:: Records for the task ::
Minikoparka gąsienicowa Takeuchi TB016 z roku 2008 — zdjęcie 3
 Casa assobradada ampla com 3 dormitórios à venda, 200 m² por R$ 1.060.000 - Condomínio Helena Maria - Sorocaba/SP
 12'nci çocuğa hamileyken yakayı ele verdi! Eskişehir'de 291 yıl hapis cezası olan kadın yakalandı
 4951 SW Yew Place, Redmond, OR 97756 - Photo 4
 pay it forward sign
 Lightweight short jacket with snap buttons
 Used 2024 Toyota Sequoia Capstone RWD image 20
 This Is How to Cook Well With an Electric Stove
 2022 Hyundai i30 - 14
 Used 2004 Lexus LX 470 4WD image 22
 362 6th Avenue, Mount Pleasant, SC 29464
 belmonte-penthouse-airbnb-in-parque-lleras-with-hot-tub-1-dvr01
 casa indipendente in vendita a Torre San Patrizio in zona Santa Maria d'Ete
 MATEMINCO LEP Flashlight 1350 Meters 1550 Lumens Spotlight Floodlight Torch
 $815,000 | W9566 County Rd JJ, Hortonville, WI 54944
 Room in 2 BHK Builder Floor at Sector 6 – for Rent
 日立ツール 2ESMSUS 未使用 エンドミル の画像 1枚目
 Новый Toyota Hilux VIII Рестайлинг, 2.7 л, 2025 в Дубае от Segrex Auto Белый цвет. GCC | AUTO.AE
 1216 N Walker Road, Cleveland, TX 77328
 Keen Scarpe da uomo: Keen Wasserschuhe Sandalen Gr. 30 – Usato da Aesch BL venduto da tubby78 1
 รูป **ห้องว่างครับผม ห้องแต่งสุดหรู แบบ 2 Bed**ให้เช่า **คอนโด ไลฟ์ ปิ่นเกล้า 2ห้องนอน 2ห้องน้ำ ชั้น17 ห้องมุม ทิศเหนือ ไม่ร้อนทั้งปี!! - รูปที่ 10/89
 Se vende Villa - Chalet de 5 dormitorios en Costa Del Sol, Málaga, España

:: Task to carry out ::
Please reply with an exact copy of the lines above, starting at the first and ending at the line that holds "2022 Hyundai i30 - 14".

:: Task answer ::
Minikoparka gąsienicowa Takeuchi TB016 z roku 2008 — zdjęcie 3
 Casa assobradada ampla com 3 dormitórios à venda, 200 m² por R$ 1.060.000 - Condomínio Helena Maria - Sorocaba/SP
 12'nci çocuğa hamileyken yakayı ele verdi! Eskişehir'de 291 yıl hapis cezası olan kadın yakalandı
 4951 SW Yew Place, Redmond, OR 97756 - Photo 4
 pay it forward sign
 Lightweight short jacket with snap buttons
 Used 2024 Toyota Sequoia Capstone RWD image 20
 This Is How to Cook Well With an Electric Stove
 2022 Hyundai i30 - 14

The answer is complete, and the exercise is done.